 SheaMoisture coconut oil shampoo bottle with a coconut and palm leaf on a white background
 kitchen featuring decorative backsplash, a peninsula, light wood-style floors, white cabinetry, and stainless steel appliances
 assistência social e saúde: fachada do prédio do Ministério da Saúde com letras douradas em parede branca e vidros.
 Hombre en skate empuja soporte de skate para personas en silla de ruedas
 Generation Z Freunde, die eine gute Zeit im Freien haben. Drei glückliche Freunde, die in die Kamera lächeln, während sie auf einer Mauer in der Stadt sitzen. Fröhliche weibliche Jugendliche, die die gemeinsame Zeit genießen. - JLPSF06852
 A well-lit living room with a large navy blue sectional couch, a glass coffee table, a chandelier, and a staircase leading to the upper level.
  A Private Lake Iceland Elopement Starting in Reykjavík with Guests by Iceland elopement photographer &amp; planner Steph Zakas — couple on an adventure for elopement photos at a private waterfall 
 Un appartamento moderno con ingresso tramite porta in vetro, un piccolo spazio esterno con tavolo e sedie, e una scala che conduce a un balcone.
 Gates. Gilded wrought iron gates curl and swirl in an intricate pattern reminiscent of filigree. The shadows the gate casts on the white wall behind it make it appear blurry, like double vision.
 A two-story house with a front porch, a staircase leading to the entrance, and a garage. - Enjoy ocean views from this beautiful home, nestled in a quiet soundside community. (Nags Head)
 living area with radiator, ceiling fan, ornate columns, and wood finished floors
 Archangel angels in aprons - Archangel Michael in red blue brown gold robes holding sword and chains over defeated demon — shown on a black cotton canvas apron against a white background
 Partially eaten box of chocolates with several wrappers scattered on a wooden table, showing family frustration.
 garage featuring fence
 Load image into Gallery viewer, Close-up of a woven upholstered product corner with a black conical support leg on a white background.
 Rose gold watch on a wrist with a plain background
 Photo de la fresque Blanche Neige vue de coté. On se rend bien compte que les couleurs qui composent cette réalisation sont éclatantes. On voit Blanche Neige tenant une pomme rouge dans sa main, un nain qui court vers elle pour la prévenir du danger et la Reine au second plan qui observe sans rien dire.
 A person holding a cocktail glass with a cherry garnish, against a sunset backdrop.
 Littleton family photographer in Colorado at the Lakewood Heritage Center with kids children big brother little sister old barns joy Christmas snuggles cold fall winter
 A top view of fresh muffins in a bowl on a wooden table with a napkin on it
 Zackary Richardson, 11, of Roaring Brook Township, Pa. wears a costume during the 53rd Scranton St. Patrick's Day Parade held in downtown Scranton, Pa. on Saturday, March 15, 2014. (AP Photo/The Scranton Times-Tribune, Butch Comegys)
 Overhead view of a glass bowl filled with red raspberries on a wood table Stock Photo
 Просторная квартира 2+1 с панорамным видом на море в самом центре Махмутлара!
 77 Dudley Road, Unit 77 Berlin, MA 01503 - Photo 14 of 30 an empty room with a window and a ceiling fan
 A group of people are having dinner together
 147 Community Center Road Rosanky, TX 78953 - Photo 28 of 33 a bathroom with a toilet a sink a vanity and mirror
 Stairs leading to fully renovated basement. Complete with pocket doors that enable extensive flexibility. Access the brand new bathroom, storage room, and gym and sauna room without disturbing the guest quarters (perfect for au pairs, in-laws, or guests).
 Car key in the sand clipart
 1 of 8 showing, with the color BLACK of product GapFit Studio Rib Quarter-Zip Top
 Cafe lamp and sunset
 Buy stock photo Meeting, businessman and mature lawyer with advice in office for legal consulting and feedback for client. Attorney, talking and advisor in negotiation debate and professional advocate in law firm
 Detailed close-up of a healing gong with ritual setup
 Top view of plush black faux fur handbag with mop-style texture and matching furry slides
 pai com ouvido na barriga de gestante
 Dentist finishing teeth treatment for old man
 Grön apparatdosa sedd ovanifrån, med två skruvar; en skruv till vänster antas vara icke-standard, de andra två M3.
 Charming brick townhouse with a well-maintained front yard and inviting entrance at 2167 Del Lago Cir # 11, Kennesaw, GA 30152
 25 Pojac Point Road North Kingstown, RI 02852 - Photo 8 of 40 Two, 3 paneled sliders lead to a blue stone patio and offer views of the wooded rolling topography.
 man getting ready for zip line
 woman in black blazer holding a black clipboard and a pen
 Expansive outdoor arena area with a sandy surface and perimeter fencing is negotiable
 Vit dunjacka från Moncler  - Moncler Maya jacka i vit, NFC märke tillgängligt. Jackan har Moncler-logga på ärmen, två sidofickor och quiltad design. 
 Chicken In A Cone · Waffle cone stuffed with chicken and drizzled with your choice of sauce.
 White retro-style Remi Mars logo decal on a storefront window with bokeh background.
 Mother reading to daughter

→ **Your goal**: Taking the entries as a whole, work out how many lines contain the string "Road". Respond with only the number.

→ **Worked solution**: 3